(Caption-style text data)
[Start of section]
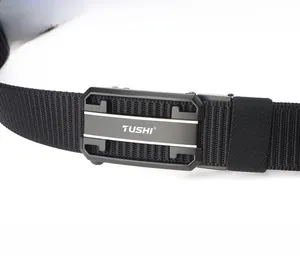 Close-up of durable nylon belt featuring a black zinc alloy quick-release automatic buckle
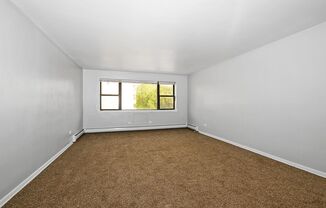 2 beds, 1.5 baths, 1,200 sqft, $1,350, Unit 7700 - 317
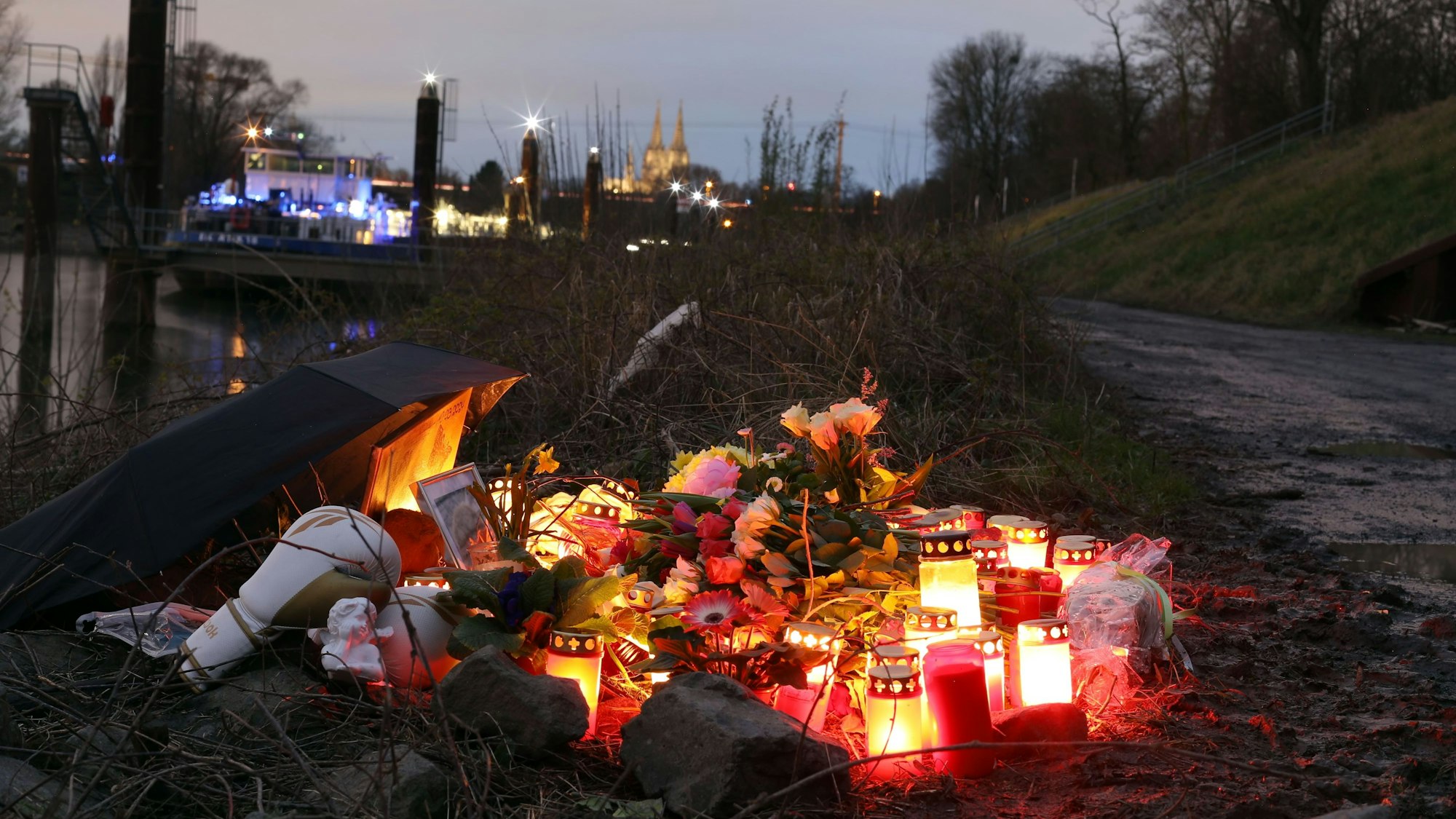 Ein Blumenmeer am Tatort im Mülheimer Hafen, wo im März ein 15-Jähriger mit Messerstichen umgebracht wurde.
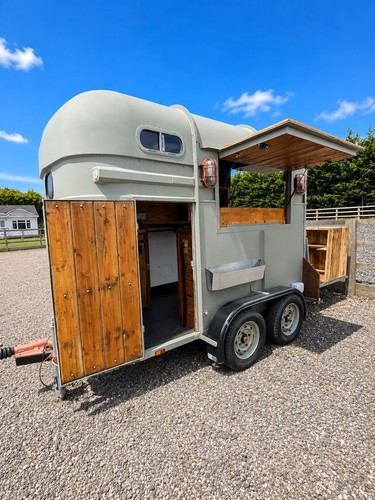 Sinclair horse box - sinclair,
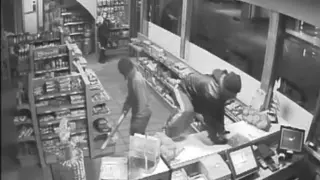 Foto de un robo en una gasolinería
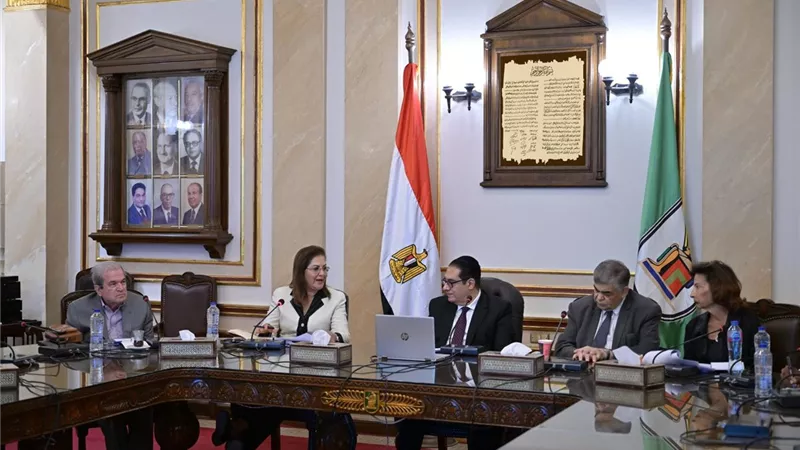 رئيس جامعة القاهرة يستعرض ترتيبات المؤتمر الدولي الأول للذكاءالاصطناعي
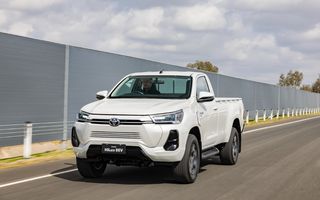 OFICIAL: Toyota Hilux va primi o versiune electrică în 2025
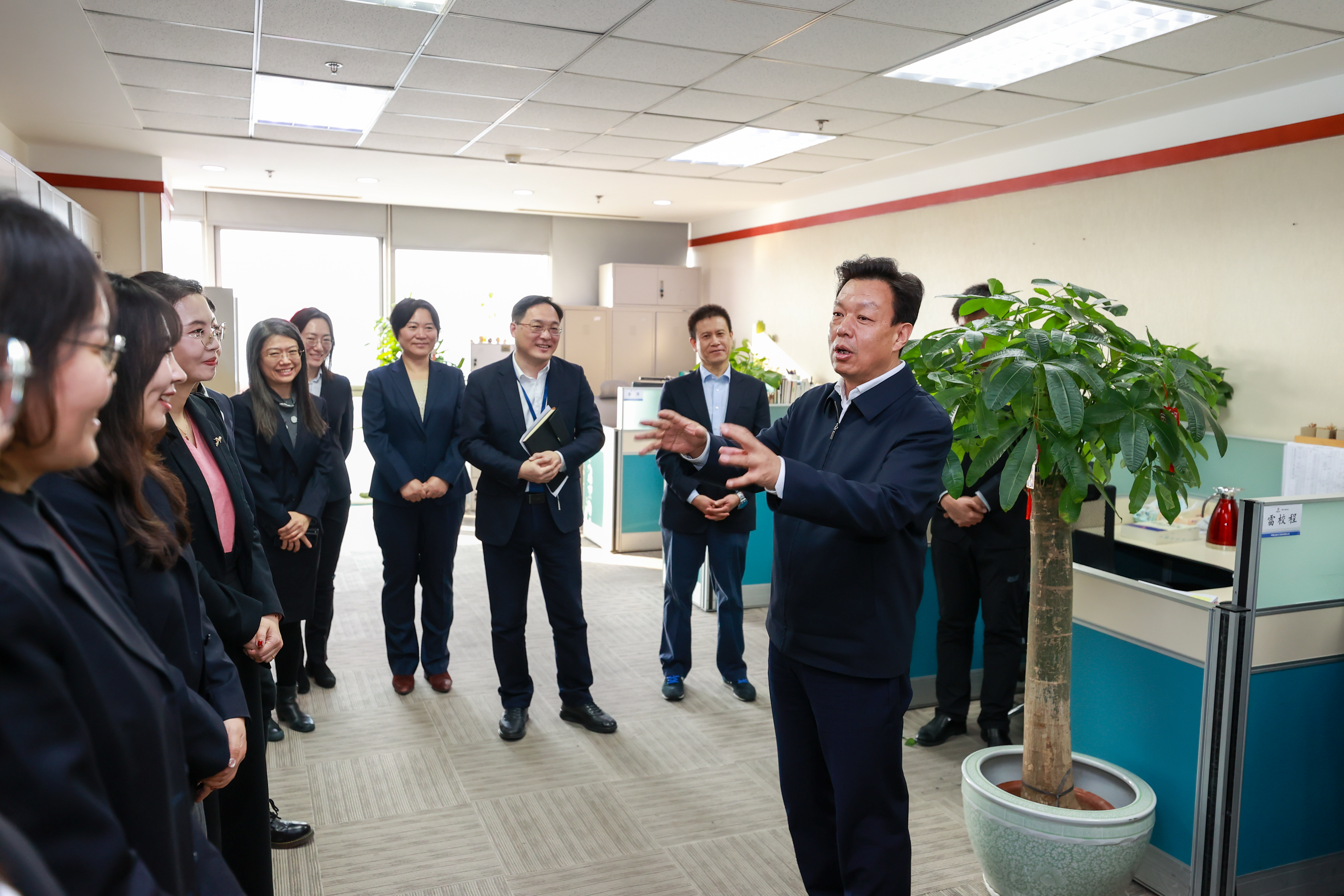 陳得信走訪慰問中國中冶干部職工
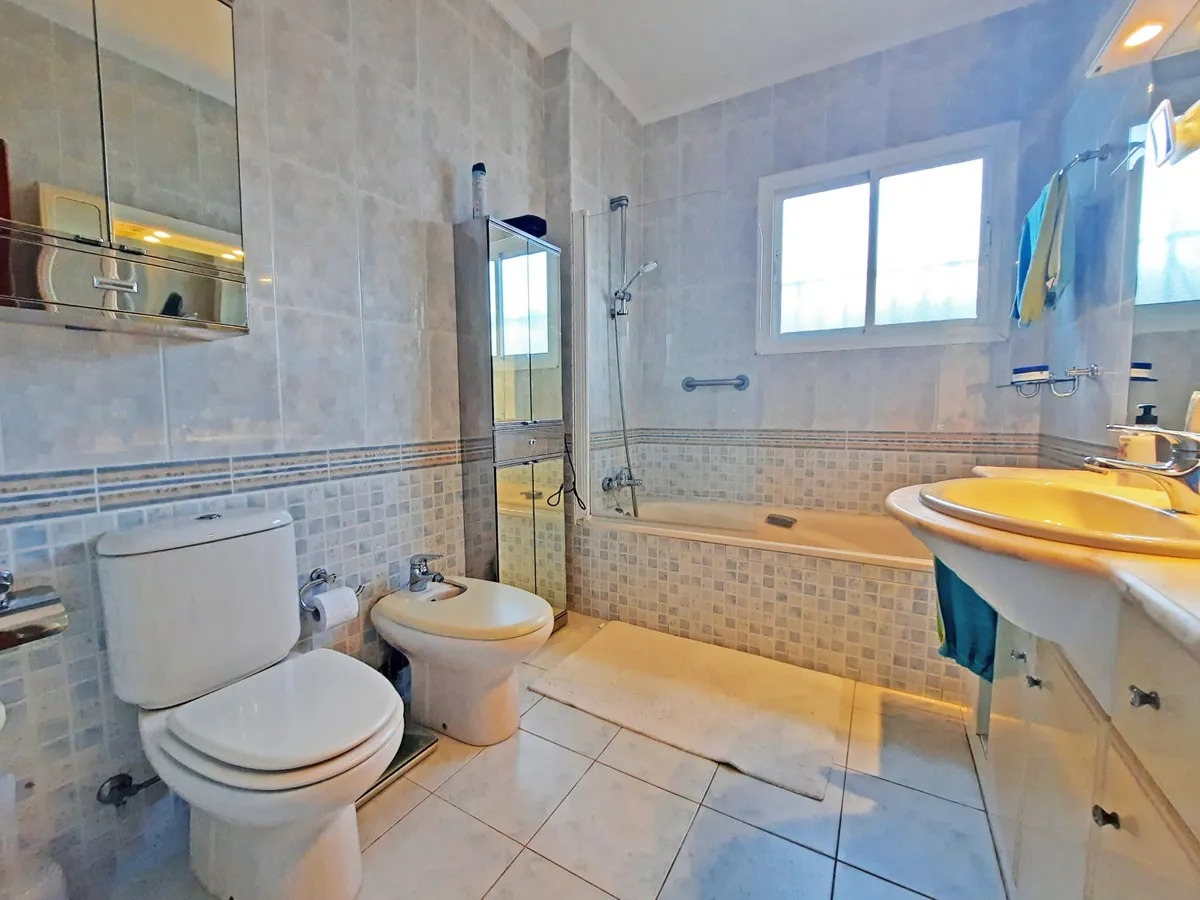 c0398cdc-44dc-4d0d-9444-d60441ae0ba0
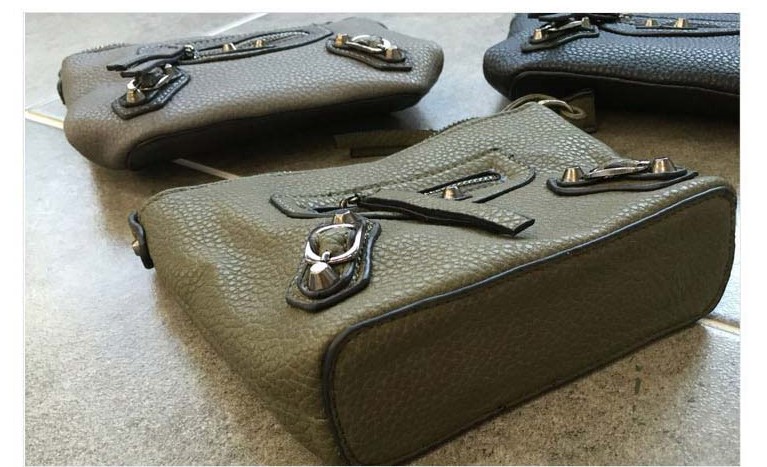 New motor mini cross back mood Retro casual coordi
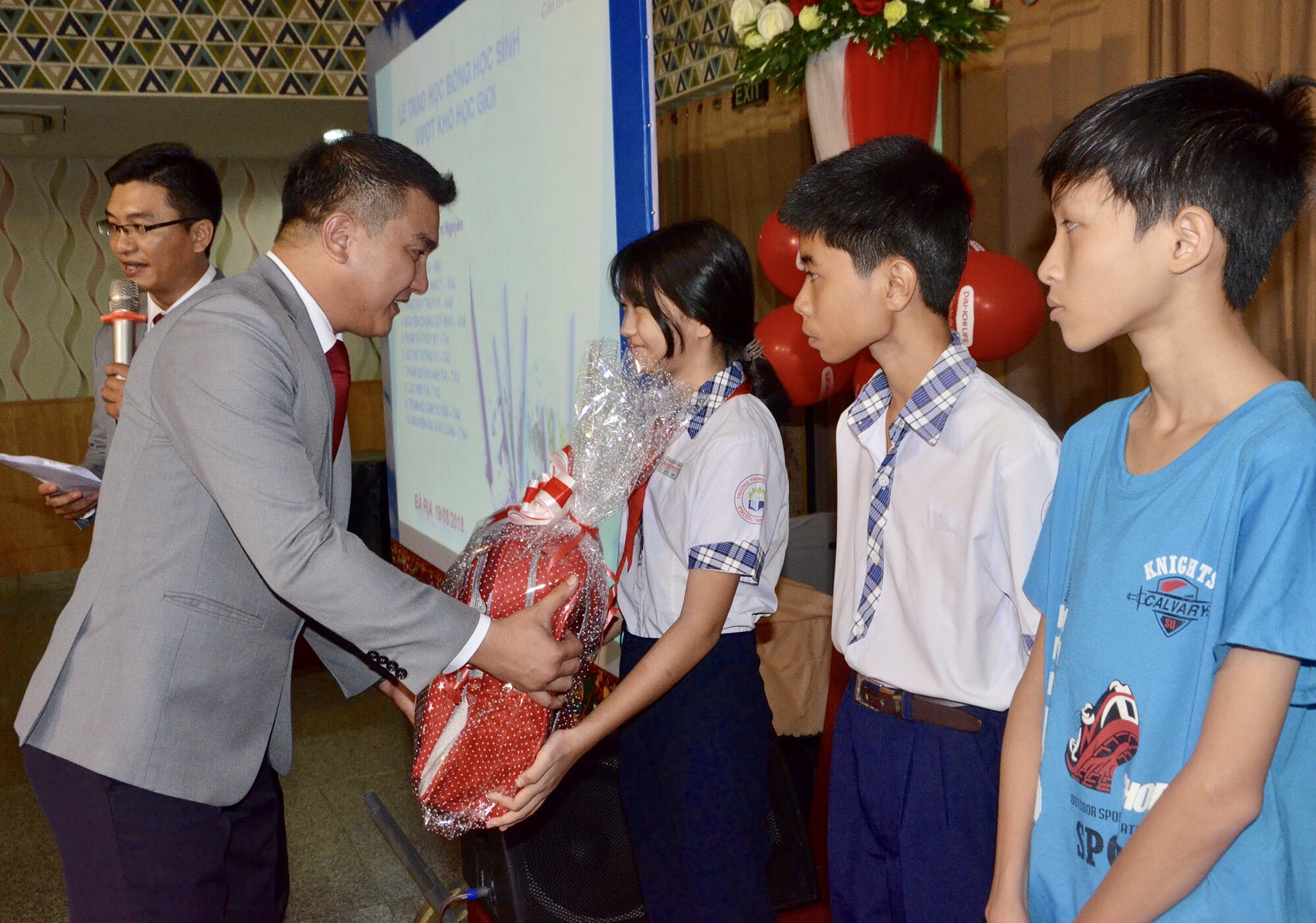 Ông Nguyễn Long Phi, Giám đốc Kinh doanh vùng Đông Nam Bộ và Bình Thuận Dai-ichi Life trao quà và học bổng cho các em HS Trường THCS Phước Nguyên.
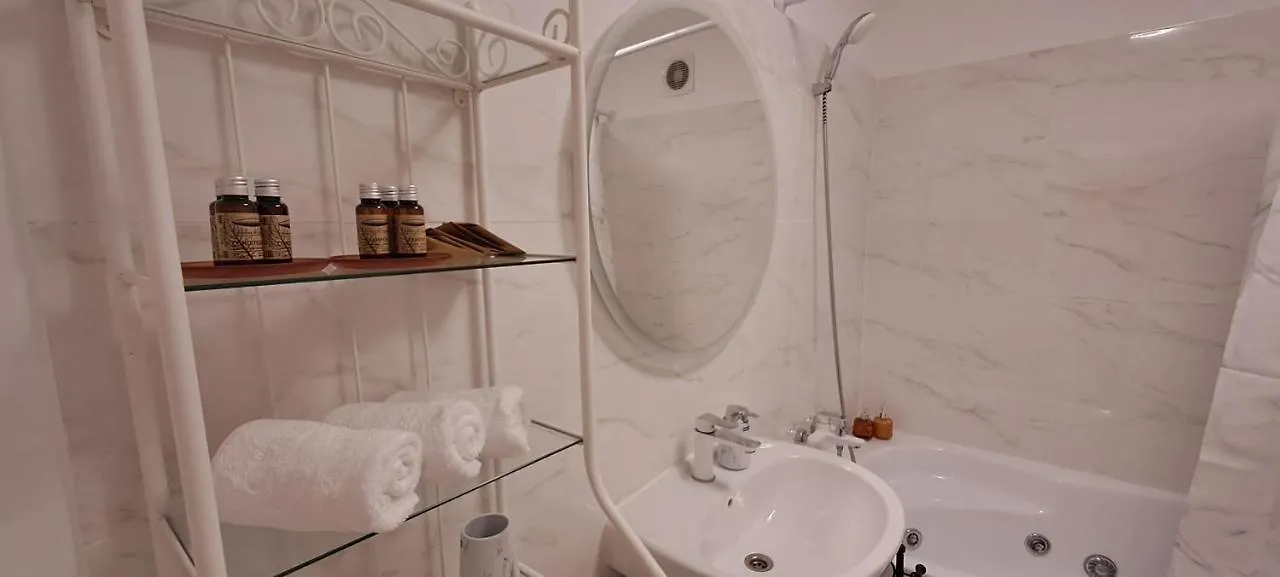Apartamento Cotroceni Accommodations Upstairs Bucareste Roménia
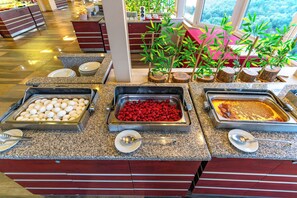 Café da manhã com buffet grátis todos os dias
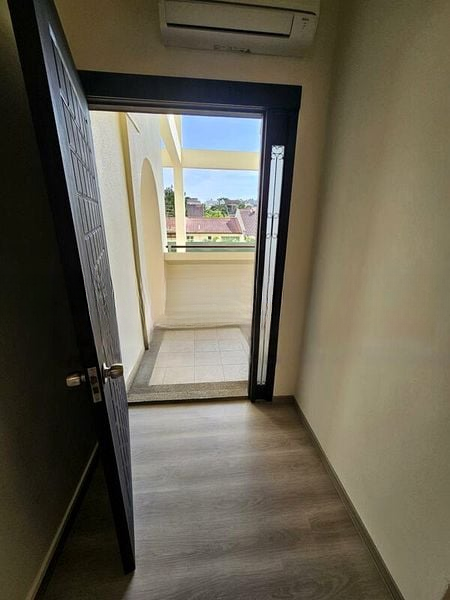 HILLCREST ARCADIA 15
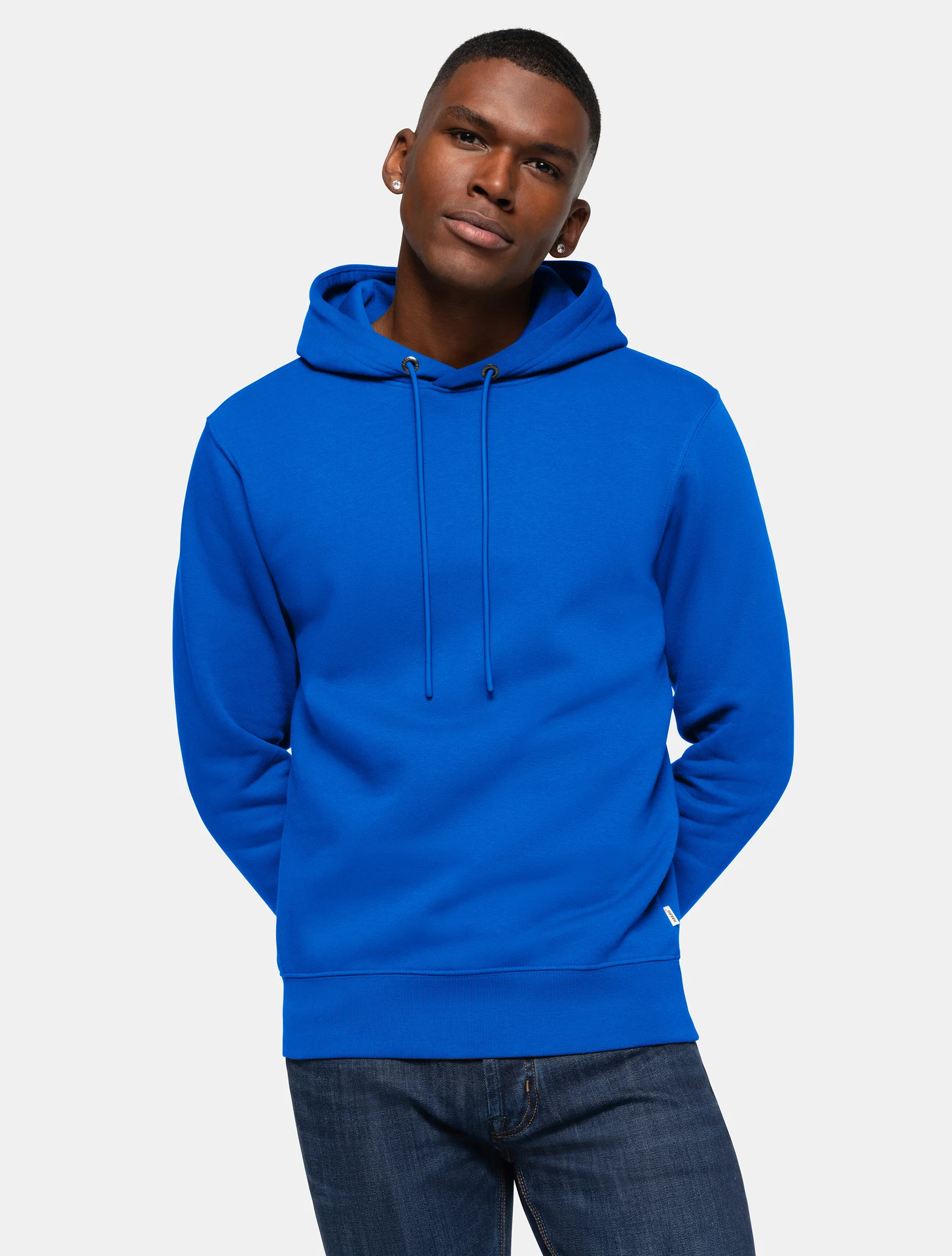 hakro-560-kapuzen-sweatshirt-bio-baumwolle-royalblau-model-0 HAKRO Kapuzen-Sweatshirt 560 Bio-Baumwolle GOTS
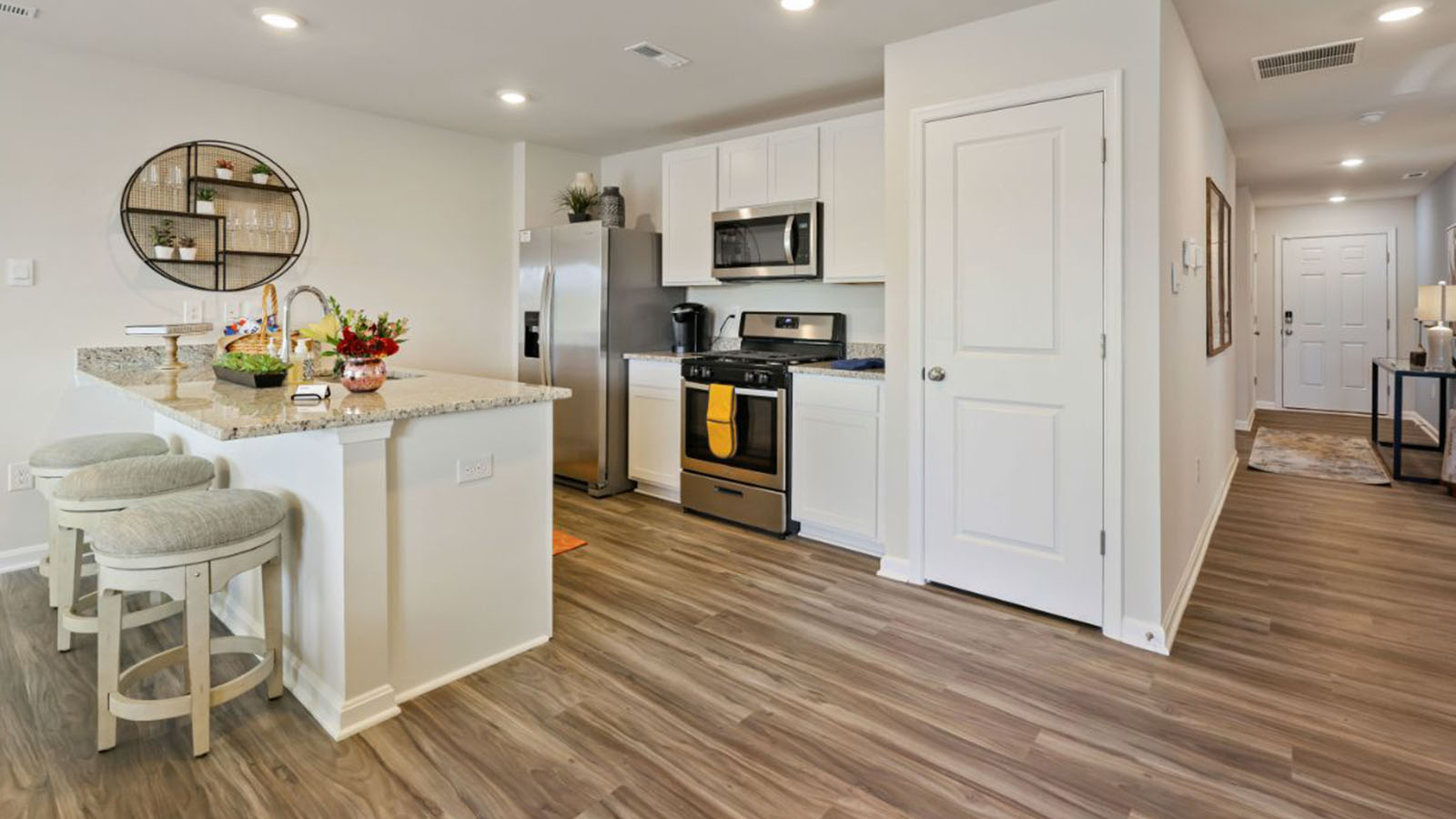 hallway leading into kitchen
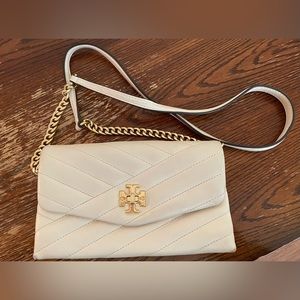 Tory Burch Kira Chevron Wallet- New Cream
[End of section]
*Aim of the task*
Beginning at the line that contains "Café da manhã", copy each remaining line of the records exactly, through the final one. Omit the pictures.

*Exercise answer*
 Café da manhã com buffet grátis todos os dias
 HILLCREST ARCADIA 15
 hakro-560-kapuzen-sweatshirt-bio-baumwolle-royalblau-model-0 HAKRO Kapuzen-Sweatshirt 560 Bio-Baumwolle GOTS
 hallway leading into kitchen
 Tory Burch Kira Chevron Wallet- New Cream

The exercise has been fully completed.